(Short descriptive text snippets)
######
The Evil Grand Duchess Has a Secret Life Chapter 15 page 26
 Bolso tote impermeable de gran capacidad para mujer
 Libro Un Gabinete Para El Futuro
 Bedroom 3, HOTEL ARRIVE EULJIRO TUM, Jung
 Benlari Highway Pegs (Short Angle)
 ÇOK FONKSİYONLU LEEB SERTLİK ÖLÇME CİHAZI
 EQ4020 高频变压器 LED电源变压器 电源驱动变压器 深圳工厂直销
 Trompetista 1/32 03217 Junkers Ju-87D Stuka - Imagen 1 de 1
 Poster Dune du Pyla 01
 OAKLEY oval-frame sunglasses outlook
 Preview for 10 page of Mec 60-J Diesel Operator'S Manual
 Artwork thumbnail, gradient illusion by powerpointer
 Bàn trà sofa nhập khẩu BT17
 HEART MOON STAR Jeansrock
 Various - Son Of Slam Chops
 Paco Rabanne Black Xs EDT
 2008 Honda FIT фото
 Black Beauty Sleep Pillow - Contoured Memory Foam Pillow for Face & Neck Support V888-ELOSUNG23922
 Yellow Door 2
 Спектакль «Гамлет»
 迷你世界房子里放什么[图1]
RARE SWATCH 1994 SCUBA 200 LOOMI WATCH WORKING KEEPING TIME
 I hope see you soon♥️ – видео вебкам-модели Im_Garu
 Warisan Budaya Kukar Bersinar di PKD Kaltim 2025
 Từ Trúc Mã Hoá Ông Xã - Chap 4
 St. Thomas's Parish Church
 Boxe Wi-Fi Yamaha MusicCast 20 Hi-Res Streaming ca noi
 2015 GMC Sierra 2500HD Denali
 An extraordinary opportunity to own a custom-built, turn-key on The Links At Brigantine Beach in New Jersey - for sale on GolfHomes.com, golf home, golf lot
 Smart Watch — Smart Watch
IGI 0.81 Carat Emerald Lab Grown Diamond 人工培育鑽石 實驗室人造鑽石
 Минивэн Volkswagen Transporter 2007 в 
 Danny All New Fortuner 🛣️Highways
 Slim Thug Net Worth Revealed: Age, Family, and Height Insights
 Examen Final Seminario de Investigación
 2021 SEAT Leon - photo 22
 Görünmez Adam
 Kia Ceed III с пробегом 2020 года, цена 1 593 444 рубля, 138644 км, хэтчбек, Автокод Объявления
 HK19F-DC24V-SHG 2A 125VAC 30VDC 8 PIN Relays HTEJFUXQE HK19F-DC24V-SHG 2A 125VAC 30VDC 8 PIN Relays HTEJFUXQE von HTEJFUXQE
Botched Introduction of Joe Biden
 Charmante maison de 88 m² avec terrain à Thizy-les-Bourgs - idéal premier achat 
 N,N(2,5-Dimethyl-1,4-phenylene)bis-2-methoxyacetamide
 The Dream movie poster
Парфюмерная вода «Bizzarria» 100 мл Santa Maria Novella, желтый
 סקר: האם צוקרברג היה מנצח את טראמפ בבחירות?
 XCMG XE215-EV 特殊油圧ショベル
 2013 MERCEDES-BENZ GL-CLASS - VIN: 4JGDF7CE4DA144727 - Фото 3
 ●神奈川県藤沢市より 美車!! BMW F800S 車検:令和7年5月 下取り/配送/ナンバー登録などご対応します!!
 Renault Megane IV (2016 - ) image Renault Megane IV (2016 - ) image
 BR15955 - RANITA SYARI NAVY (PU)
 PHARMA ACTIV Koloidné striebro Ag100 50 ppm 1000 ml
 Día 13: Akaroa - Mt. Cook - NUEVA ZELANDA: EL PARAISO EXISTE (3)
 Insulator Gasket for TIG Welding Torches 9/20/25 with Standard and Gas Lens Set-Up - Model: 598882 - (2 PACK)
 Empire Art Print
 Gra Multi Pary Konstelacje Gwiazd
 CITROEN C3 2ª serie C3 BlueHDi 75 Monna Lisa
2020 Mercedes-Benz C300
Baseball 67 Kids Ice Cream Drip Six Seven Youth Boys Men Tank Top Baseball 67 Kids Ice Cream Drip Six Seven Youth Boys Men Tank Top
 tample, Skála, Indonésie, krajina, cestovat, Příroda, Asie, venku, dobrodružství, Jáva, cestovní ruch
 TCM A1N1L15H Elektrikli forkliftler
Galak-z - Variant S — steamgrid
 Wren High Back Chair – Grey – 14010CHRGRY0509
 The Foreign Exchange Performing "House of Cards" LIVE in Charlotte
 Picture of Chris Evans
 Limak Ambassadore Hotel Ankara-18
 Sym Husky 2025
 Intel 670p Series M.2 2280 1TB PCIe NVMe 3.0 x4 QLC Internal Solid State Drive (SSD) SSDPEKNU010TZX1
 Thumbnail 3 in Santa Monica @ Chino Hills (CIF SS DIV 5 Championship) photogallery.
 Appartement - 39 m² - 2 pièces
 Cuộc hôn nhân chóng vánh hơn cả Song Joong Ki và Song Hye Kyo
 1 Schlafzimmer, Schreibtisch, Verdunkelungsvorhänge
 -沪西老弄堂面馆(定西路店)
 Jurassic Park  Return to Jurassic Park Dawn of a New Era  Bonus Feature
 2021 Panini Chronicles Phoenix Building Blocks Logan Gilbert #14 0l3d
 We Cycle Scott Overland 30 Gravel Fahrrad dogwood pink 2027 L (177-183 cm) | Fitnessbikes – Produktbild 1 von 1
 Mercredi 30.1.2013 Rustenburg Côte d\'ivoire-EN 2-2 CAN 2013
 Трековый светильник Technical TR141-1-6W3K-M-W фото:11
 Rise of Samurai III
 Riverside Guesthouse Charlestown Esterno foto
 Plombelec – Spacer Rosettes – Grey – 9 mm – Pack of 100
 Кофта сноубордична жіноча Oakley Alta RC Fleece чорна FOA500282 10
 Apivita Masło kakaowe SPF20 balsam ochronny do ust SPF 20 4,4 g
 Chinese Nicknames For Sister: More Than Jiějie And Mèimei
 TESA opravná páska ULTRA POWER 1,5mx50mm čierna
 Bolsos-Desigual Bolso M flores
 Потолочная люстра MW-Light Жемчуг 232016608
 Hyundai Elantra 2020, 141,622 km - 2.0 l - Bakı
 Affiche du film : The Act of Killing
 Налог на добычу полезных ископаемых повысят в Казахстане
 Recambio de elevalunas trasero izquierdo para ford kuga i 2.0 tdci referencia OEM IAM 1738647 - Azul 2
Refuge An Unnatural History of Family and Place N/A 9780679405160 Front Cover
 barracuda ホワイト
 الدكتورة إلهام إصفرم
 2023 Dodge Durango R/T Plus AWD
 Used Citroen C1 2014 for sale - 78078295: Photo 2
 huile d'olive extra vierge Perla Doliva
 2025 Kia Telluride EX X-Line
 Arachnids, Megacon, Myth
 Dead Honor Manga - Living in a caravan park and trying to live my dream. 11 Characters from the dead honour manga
######
Pull each line containing "Black" from the records.

 Paco Rabanne Black Xs EDT
 Black Beauty Sleep Pillow - Contoured Memory Foam Pillow for Face & Neck Support V888-ELOSUNG23922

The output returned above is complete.